The GSI-SSHTerminal is compiled through the use of the "make" script, in the
sshtools directory run:
Linux
./make.sh
Windows
make.bat
this will create the GSI-SSHTerminal application in
"release/GSI-SSHTerm-<version>" and this can be run using the following:
Linux
cd release/GSI-SSHTerm-<version>/bin
./sshterm.sh
Windows:
cd release/GSI-SSHTerm-<version>/bin
sshterm.bat
To additionally compile the applet version and associated web pages use the
command (the webpages are highly customised for the NGS webserver and will need
editing before the webpaes are useful):
Linux:
./make.sh all
Windows XP:
make.bat all
To compile in other Windows environments change the os="Windows XP" entry
at about line 191 of build.xml, to the OS name returned by the os.name Java
property on your machine.
This requires you to setup the file password.properties in the base directory
of the sshtools source, it should contain the following lines:
keystore=/home/xxx/.keystore
keystore.alias=theSigningCertificateKeyAlias
keystore.pass=aLongPrivateKeyPassphrase
Note that it is suggested that the certificate and private key (in a java
keystore) that is pointed to by the password.properties file is issued by a
certification authority that the user is likely to already trust and has a
subject name that describes you or your organisation.
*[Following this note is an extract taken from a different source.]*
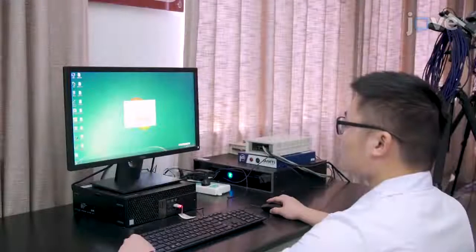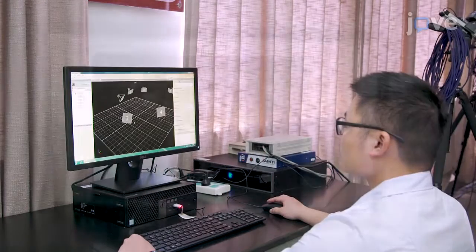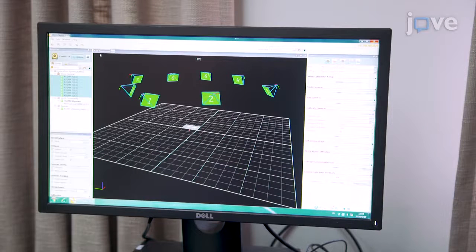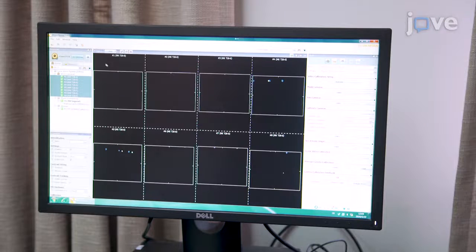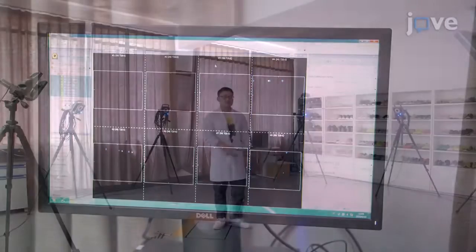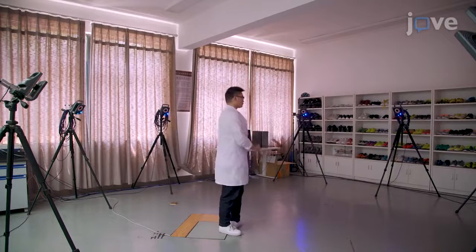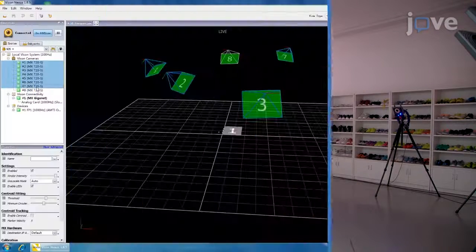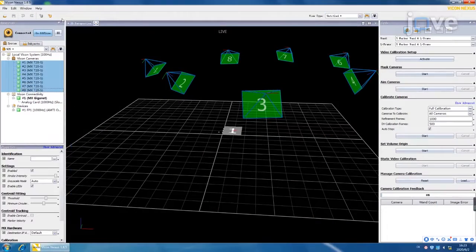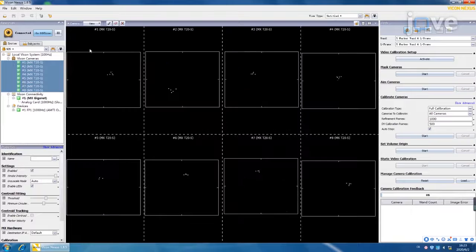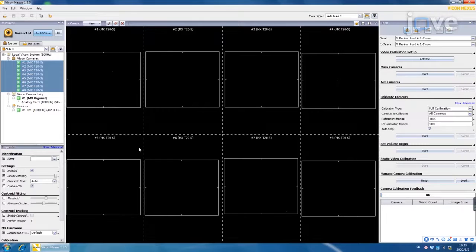To engage the cameras, open the software and select System, Local System, and MX Cameras in the Resources pane. Place the T-frame in the center of the capture area. Select all of the cameras in the system and select the 2D mode. Confirm that the T-frame is in the camera view without any interference points and select System Preparation.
Please be careful about
the security of the Java keystore and the password.properties file. This
certificate should explicitly have "Object Signing" set in the X509v3
extensions.
This will compile the applet version and webpages to release/applet.
Configuration
=============
Kerberos support (compile time):
--------------------------------
In the build.properties file there are two options for option.flags:
option.flags=
Compile without Kerberos support
option.flags=-kerberos
Compile with Kerberos support
Defaults:
---------
At compile-time the file res/common/default.properties is included in in the
distribution and this is read first (if it exists), then the user' preferences
file (~/.sshterm/GSI-SSHTerm.properties), which can over-ride those in the
res/common/default.properties file.
These files are standard Java properties files. The following options are
useful (with the example of the compiled in default where no settings in
either file exists!):
Default MyProxy server (ignored when Kerberos support compiled in):
sshterm.myproxy.defaults.hostname=myproxy.grid-support.ac.uk
MyProxy port (not configurable in GUI):
sshterm.myproxy.defaults.port=7512
Kerberos-enabled MyProxy server hostname:
sshterm.krb5myproxy.hostname=myproxy-sso.grid-support.ac.uk
Kerberos-enabled MyProxy server port (not configurable in GUI):
sshterm.krb5myproxy.port=7513
Kerberos KDC:
sshterm.krb5myproxy.kdc=<value of $USERDNSDOMAIN>
Kerberos Realm:
sshterm.krb5myproxy.realm=<value of $USERDNSDOMAIN>
Proxy saving: this setting sets whether proxies created from Grid
credentials are saved into the defualt proxy location for future use:
sshterm.proxy.save=false
Default connection ports: there are two configuration options here:
sshterm.simple.connection.port=2222
Sets the port that is used in the quick connection
dialog box, and the first ever port value in the
advanced connection dialog box.
apps.connection.lastPort=2222 (user's preferences)
This is the last port number entered by the user in the
advanced dialog box. It is overwritten by the terminal
(application only) each time it is shut down. It is
NOT used in the simple connectiondialog box.
Similarly there are last username and last host (apps.connection.lastHost) in
the user's preferences, which is filled in with the last host entered by the
user in both connection dialog boxes.
Although the ~/.sshterm/GSI-SSHTerm.properties is written on exit by the
application version of the terminal, the values of the (sshterm.myproxy.*,
sshterm.krb5myproxy.*, sshterm.proxy.save.* and sshterm.simple.connection.port)
are always preserved.
Note sshterm.krb5myproxy.kdc and sshterm.krb5myproxy.realm have algorithmic
defaults which are calculated in both
src/com/sshtools/j2ssh/authentication/UserGridCredential.java and
src/com/sshtools/common/ui/SshToolsConnectionKerberosTab.java.
Changes:
Change log
==========
Changes by David Spence or Matt Viljoen unless otherwise stated
0.1
-Integrated SSHTerm version 0.2.2 with Jean-Claude's GSI authentication module
0.2
-Upgraded Cog-Kit to 1.2. SSHTools now compilable with JDK1.5
0.3
-Now works with pkcs12 certificates
0.5
-Added other SSHTools programs (SSHVnc, SecureTunneling, ShiFT)
0.6
-Added X Tunneling and Proxy delegation settings along with bug fixes
0.61
-Improvements to GUI especially error handling in MyProxyPrompt.java
-Fixed X Tunneling bug and improvements to GridInitPrompt.java
-More GUI improvements and bug fix for java 1.6 in windows
-Now deletes temporary files (updates jlirc)
0.62
-Check for i386 before loading shared library
-Change of font in windows
0.70 (21/4/06)
-Useful error message when authentication fails due to clock skew
-Access to certificates from Firefox (Linux & Windows), Mozilla (Linux & Windows) and Internet Explorer (Windows)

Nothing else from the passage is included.